Stretch forming machines cause the parts to yield under tension while being maintained in a plastic state. The parts are wrapped against a form block of the desired contour until the desired part contour is achieved. Because an individual form block is required for each part, stretch forming has the disadvantage of requiring considerable lead time for form block fabrication and testing. With most high-strength materials, springback factors must be experimentally developed and incorporated into the form block contour. In addition to the expense attendant to developing individual form blocks, stretch forming has the further disadvantage of requiring the maintainence and storage of an expensive inventory of large, fairly complex tools. Moreover, stretch forming has the mechanical disadvantage that when a part is formed in tension it has a strong tendency to thin and neck, thus losing structural strength. In order to avoid this tendency, filler blocks and a variety of elongation control devices are frequently employed all of which further increase the cost of contour forming using this process.

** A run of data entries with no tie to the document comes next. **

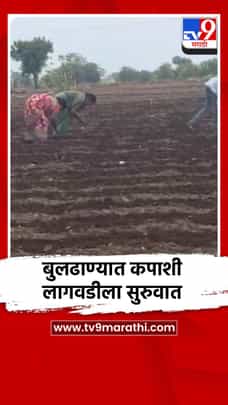 बुलढाण्यात पाऊस, कापूस लागवडीला सुरुवात-1698145
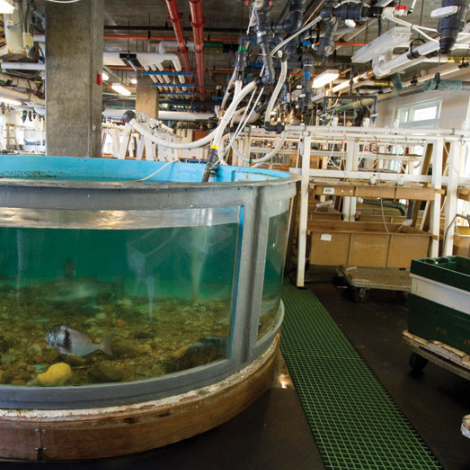 Marine Resource Center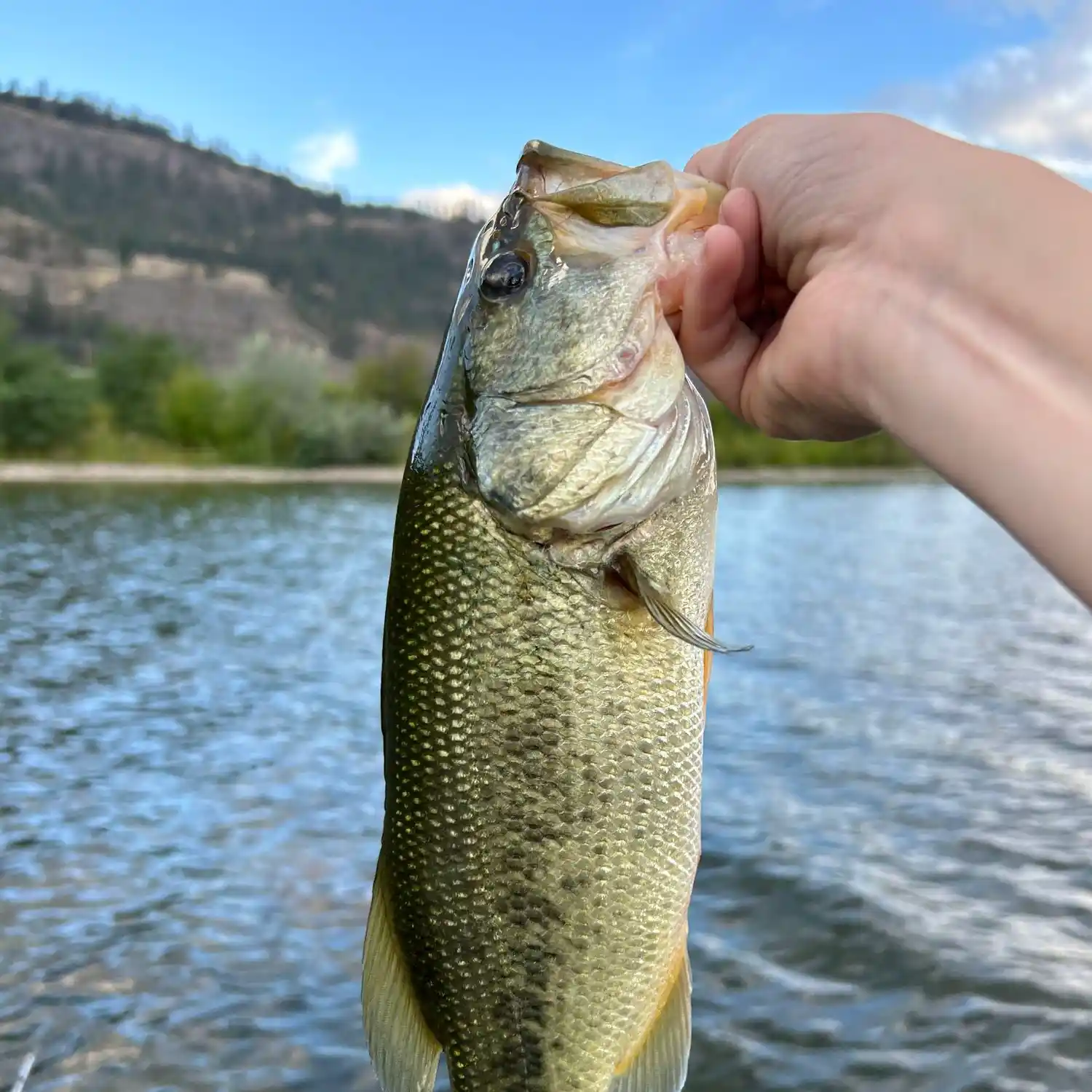 Western Canada Kayak Fishing Trail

In roll forming machines a part is traversed through an arrangement of rolls that are progressively offset to impart increasing contour. The operator of the roll forming machine continues to increase the contour of the part by adjustment of the rolls until he determines through frequent reference to a template or checking fixture that the desired contour configuration has been achieved. Because only a small increment of the part is formed at a time, and because the geometric arrangement of the rolls provide a considerable leverage factor, roll forming facilities are smaller than comparable stretch forming facilities. Moreover, roll forming machines are considerably less expensive than corresponding stretch forming machines. However, classically, only uniplanar contours, as opposed to multiplanar contours, have been formed using roll forming facilities. Moreover, in the past it has been found that parts with complex cross-sections cannot be readily contour formed. Further, manual adjustment of roll positions in accordance with the operators experience is necessary to compensate for varying part springback. Because of these disadvantages, the time required to form a particular part and the resulting part quality depend to a large extent on the skill of the operator. Because operator skill is involved part forming costs rapidly increase with critical tolerance requirements. On the other hand, only minor distortion of the cross-section configuration of a part occurs during roll forming because only a small portion of the part is unsupported at any one time between the forming rolls.
Generally speaking, as can be seen from the foregoing discussion, stretch forming facilities are more suitable for large scale production because they require less operator skill, even though an expensive inventory of fairly complex tooling is required. Roll forming facilities, on the other hand, are better adapted to prototype development and special situations because labor costs are considerably higher due to the high degree of operator skill required.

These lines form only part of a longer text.